Bernie sighed. God save him from women with tongues.

‘Change of address actually. Can I have a dozen, er…’ he peered at the handful of change he had in his hand. ‘Second class, please.’

The woman opened the stamp book and counted them out.

‘Not local, are you?’

Bernie puffed thoughtfully and looked at his inquisitor. She had a great tumble of teased blonde hair, while behind the horn-rims, rather attractive fiery conker-brown eyes watched him with barely concealed curiosity. What the hell, he had nothing to hide, at least not now he didn’t.

Bernie warmed up his smile a degree or two. ‘No, actually I’ve just moved onto the caravan site at the back of the Old Dairy.’ He saw the fleeting glint of disapproval in her eyes as he plummeted earthwards in her estimation.

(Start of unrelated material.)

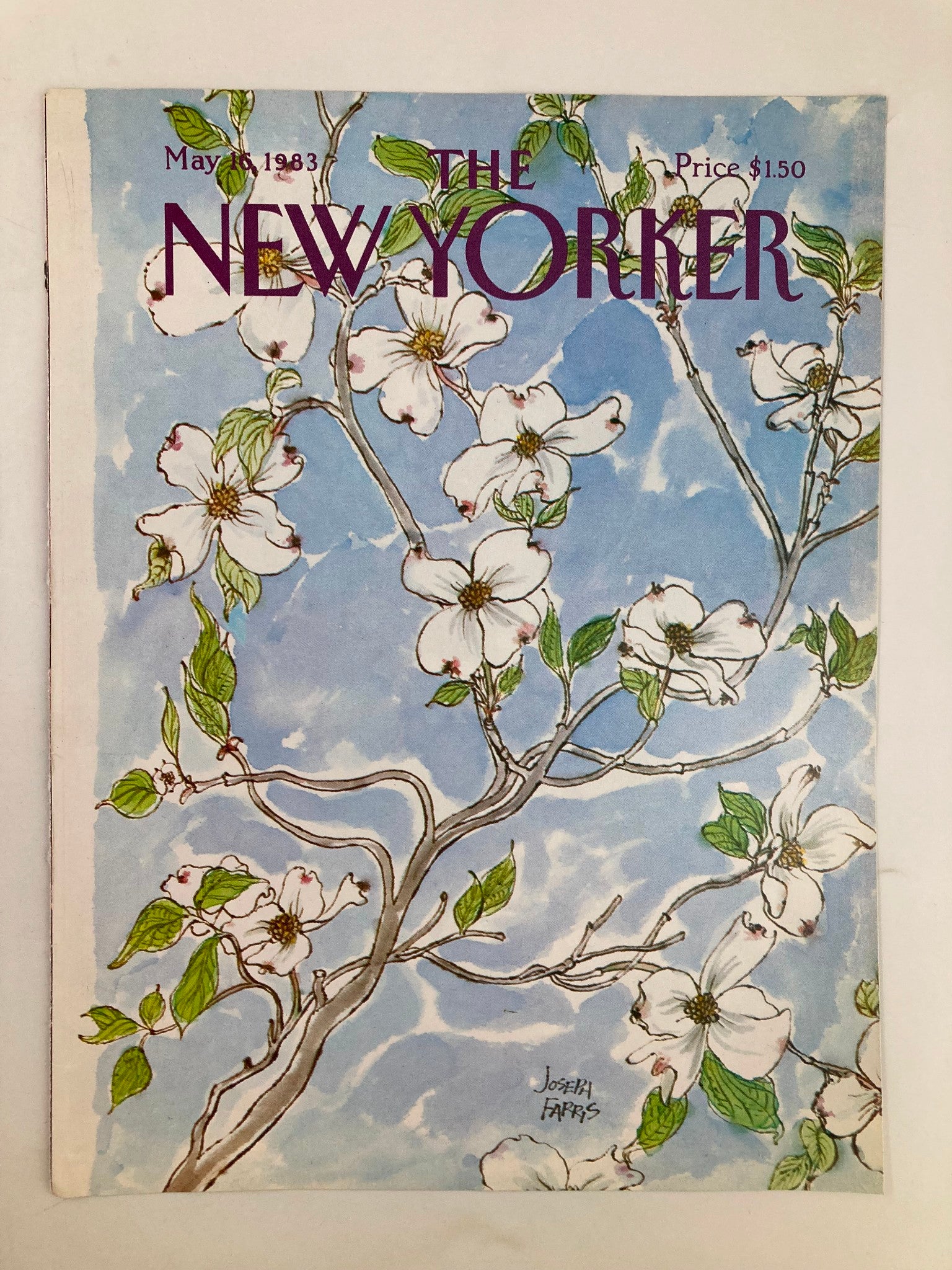 COVER ONLY The New Yorker May 16 1983 Flower Vines by Joseph Farris No Label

‘Although,’ he added hastily, clawing himself back from the brink of social-security oblivion, ‘it’s only temporary, obviously, just until I can find myself a decent house to buy. I was pipped at the post for the last one – I’ve already sold mine and needed somewhere to stay fast, you know how it is. I’ve been to see several others but…’ Bernie hesitated, tangled up in the strings of his own lie. He backtracked, wondering if he was finally losing his touch. He really needed to concentrate more.

Over the counter the woman was watching him wriggle like a cat watches a baby bird that’s fallen from the nest.

‘To be perfectly honest I haven’t seen anything else that’s quite me yet. You need to like the feel of a place – feel like it could be home – you know what I’m saying? One man’s inglenook is another man’s naff old fireplace.’ The lie dropped down a gear and accelerated away so fast that Bernie could barely keep up with it.

‘And besides, I’m looking for something a little bit special, double garage for the BMW and my four-by-four, obviously. Stables would be nice; livery is so expensive. But there’s just nothing on the market at the moment that really takes my fancy. Trouble is I have to move around a lot with my job and I’ve always hated hotels. I was going to rent a house, but all the fuss –’ Bernie lifted his hands to imply some enormous complex puzzle that he hadn’t the time to unravel. ‘Whereas I could just walk into a caravan, no problem, pay the deposit pick up the key and wham bam, thank you, ma’am – there we are, in like Flynn. And they’re fun, aren’t they – caravans?’

Bernie knew he was waffling but he didn’t seem able to stem the flow. ‘My new contract starts next week, so it all fell into place. Hadn’t got time to hang about. Nice secure little number, three years…bloody good salary.’ Lungs empty, right down to the red line Bernie hastily drew in a long, calming breath.

Thoughtfully, Conker-eyes tipped her head on one side and looked him up and down.

‘Sounds interesting,’ she said in a low voice. ‘My name’s Stella; Stella Ramsey.’ She left a little breathy pause at the end of the introduction, a pause that invited a wild variety of possibilities.

Bernie coughed. ‘I’m new to this area, I was really hoping to find someone to show me all the sights.’

Stella smiled lazily. ‘There’s not a lot to see in Renham, to be honest.’

He grinned. ‘Well, how about we go out for a little drink instead, then?’

She lifted her eyebrows. ‘The local pub is a right dump.’

He leant on the counter, enjoying the show of token resistance. ‘Well, in that case, perhaps you’d like to show me another one, somewhere…’ he hesitated, ‘somewhere nice, tasteful, and expensive. I’ve always had very expensive tastes.’